How long do hypoglycaemic attacks last?

A hypoglycaemic attack will persist until you can increase your blood sugar levels. You may be able to do this by simply having a sugary snack or drink. Once you have eaten or drunk enough sugar, your blood sugar levels should rise back up in around 15 minutes.

What are the three classic signs of hyperglycaemia?

Three common signs of hyperglycaemia are feeling thirsty, needing to urinate more frequently and feeling tired. However, you may also have headaches, blurred vision, tummy pain, a fruity-smelling breath and feel sick.

Is hyperglycaemia worse than hypoglycaemia?

Both conditions are serious if left untreated. Hypoglycemia can more quickly become life-threatening if your blood sugar levels aren’t increased. Hyperglycaemia tends to develop over days or weeks and left untreated can cause long-term health problems. In severe cases, hyperglycaemia can also cause life-threatening complications ie diabetic ketoacidosis or hyperosmolar hyperglycaemic state.

How do you prevent hypoglycaemia at night?

Hypoglycaemia at night is most common in people with diabetes who take insulin injections, although it can also occur in people who take other diabetes medications. To help prevent it, test your blood sugar level before bedtime and try to keep it above 6.5 mmol/L before you go to bed. You can do this by making sure that your basal insulin dose is not too high, not skipping dinner or snacks, reducing your long-acting insulin dose in the evening if you have been exercising, and eating some carbohydrate before bedtime if you have been drinking alcohol that evening. You should also speak to your care team, who can help you determine if and how to adjust your insulin doses.

What happens if you ignore hypoglycaemia?

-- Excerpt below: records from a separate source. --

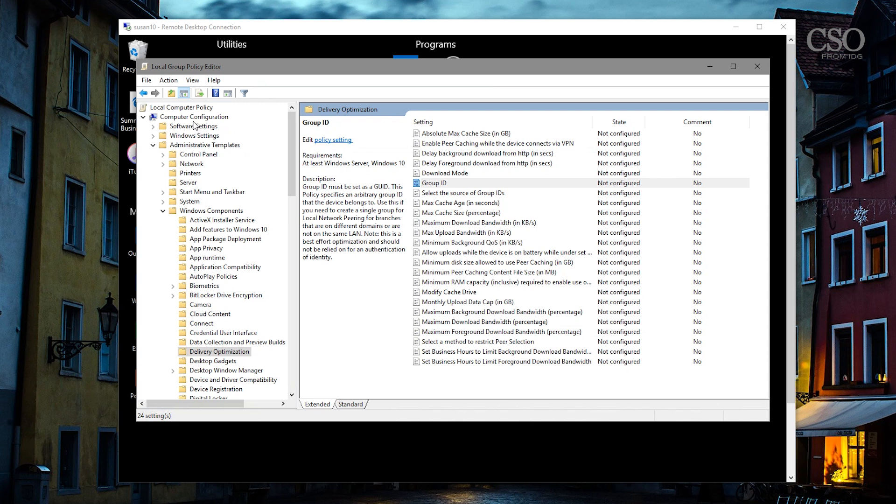You'll find these settings under Computer Configuration, Administrative Templates, Windows Components, Delivery Optimization.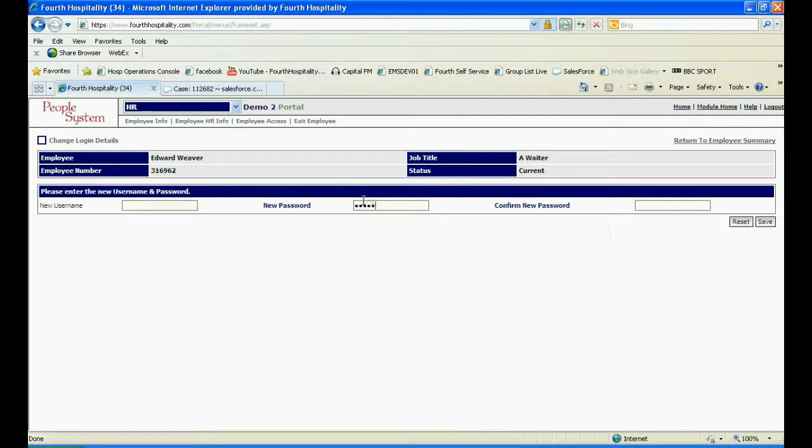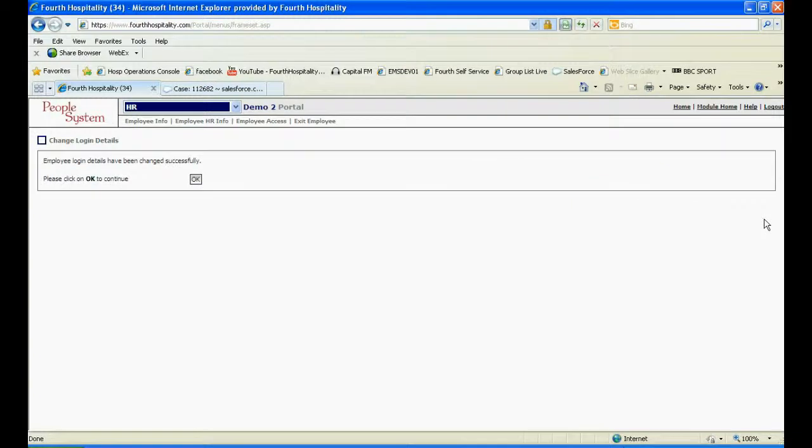Type in a new password in the first box and then confirm the new password in the second box, remembering the password rules set in the portal. When you are done, click on save and then ok to finish.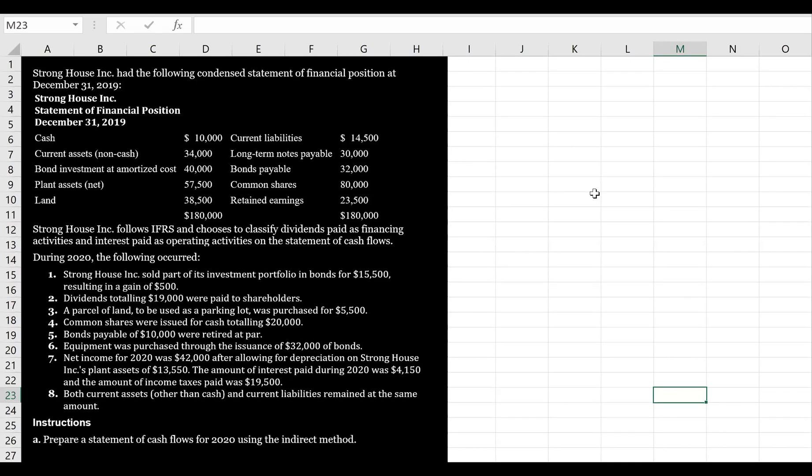Let's walk through the preparation of a statement of cash flows. Stronghouse Inc. had the following condensed statement of financial position at December 31st, 2019. Stronghouse Inc. follows IFRS and chooses to classify dividends paid as financing activities and interest paid as operating activities on the statement of cash flows.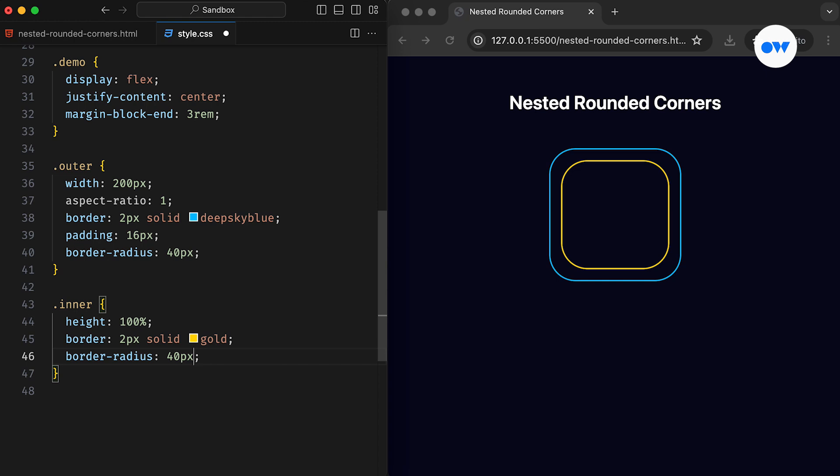Of course, if you have a specific design requirement that calls for such an effect, there's no need for adjustments. However, if you aim for a more aesthetically pleasing appearance, using the same value for the border radius of both elements may not suffice.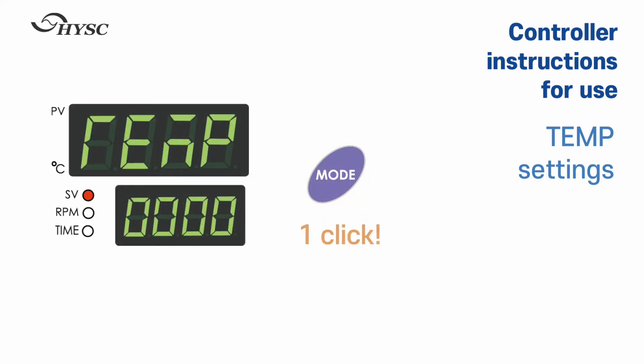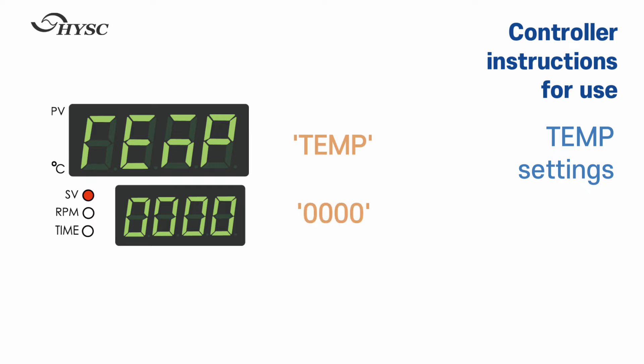Press mode key once. Temp is displayed on the upper screen. Temperature setting is available on the under screen.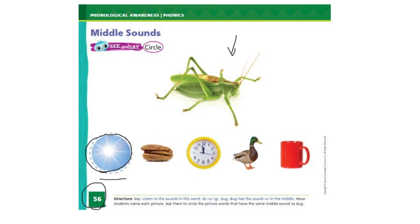Okay, now listen carefully. Nut. N-U-T. Nut. Clock. Duck. D-U-K. Duck. Mug. M-U-G. Mug.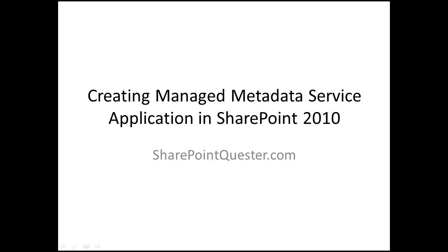Hey folks, this is Ghazwan Kari over at SharePointQuester.com. Today I'll be going over creating the managed metadata service application.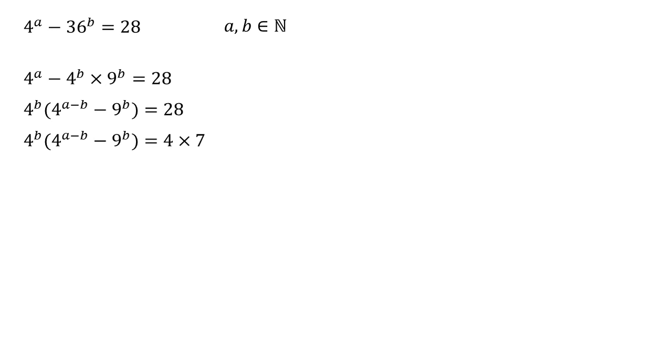Now on the right hand side, four times seven, seven is a prime factor. The other prime factors must be the two times two that goes into the four. By the prime factor theorem, this means the left hand side must also have two times two times seven as its prime factors.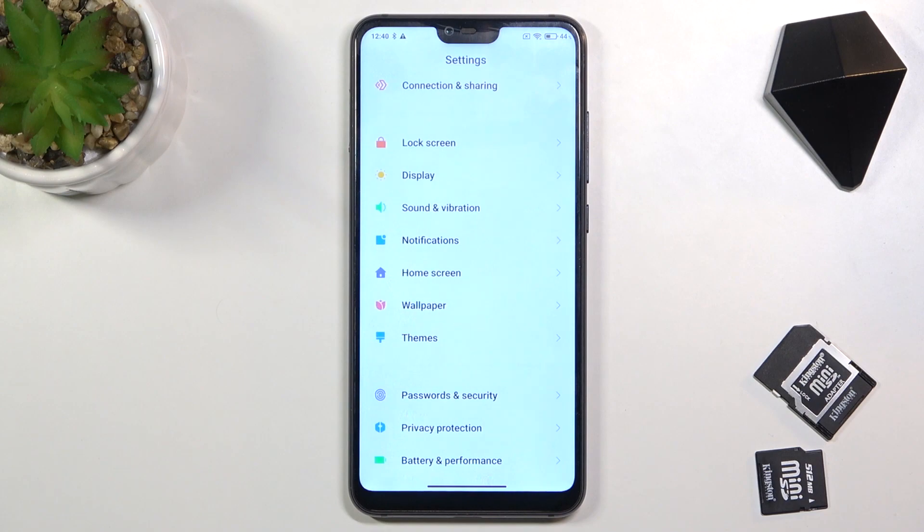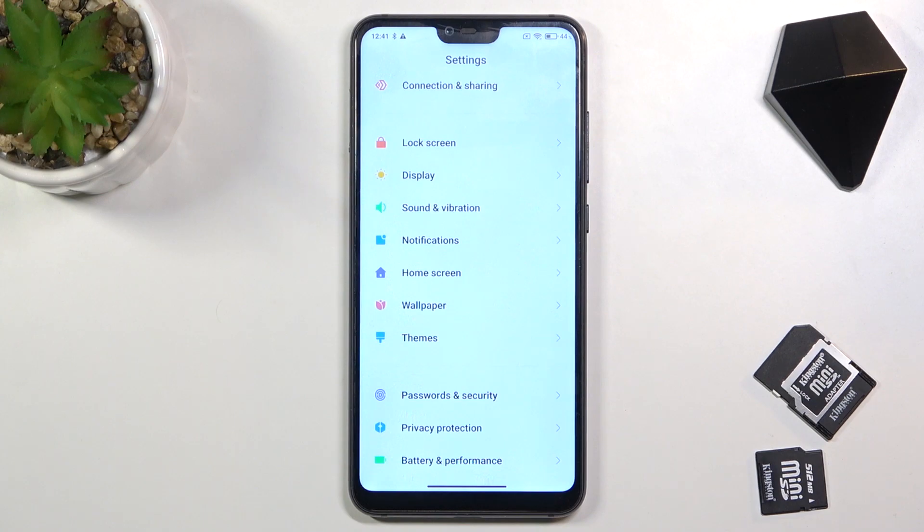So this is it, this is how you can activate tap sounds, touch sounds, however you want to name it and then you can turn it off the same way. So this is it, that will be all.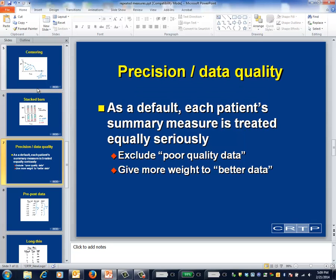The simplest version of an analysis that uses summary measures as its input is a data set with one record per patient, with a summary measure such as area under the curve as the outcome variable. In essence, once the summary measure is calculated, we forget that it's been derived from multiple data points and treat it as a single number — like any other outcome. The downside to this approach is that it treats the data from each patient as being equally believable.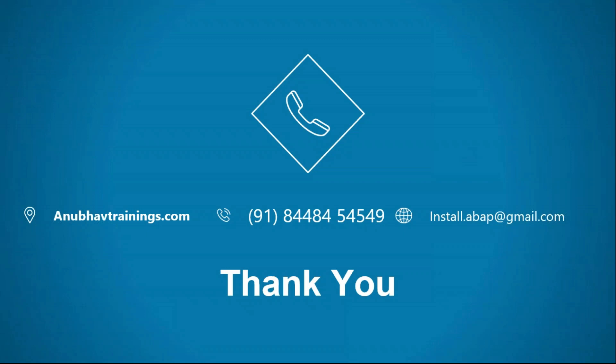Hope you enjoyed this video, please give a thumbs up, share and like, and I will see you in the next video.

If you ignore hypoglycaemia, it will get worse. Severe hypoglycaemia can cause you to lose consciousness and/or have a seizure. It can even result in death if left untreated.

How do you permanently treat hypoglycaemia?

Hypoglycaemia is caused by your blood sugar levels dropping too low. There isn’t a permanent cure but you can take steps to avoid hypoglycaemia, such as avoiding drinking alcohol on an empty stomach and making sure you eat enough food.

If you have diabetes, you will need to carefully control your blood sugar levels for the rest of your life to avoid both hypoglycaemia and hyperglycaemia. To avoid hypoglycaemia make sure you don’t skip or delay meals or snacks and learn how to regulate your insulin dose or diabetes medication according to the amount of carbohydrate you are eating and your activity levels. Wherever you go, make sure you always have sugary snacks or drinks, glucose gels or glucose tablets with you, in case you do have a hypo.

What foods should be avoided if you have hypoglycaemia?

If you have hypoglycaemia, you do not need to avoid certain foods but rather make sure you eat the right food to bring your blood sugar back up to a healthy level. During a hypo episode, you should eat a sugary snack or drink a non-diet fizzy drink or fruit juice to increase your blood sugar level. Once your blood sugar has risen enough, you should then eat a slow-release carbohydrate snack or meal (eg bread, toast or a glass of cow’s milk) to help maintain your blood sugar level.

Can you live a normal life with hypoglycaemia?

If you are diabetic and frequently have hypoglycaemia, you should speak to your care team as you may need to make changes to better control your blood sugar levels. If your hypos are mild and infrequent, there is no cause for concern; as long as you treat them quickly, you can continue with your normal activities. If you are not diabetic, it isn’t common to have hypoglycaemia and if you do have an episode, it is usually easily treated and will not affect your ability to continue with your usual activities.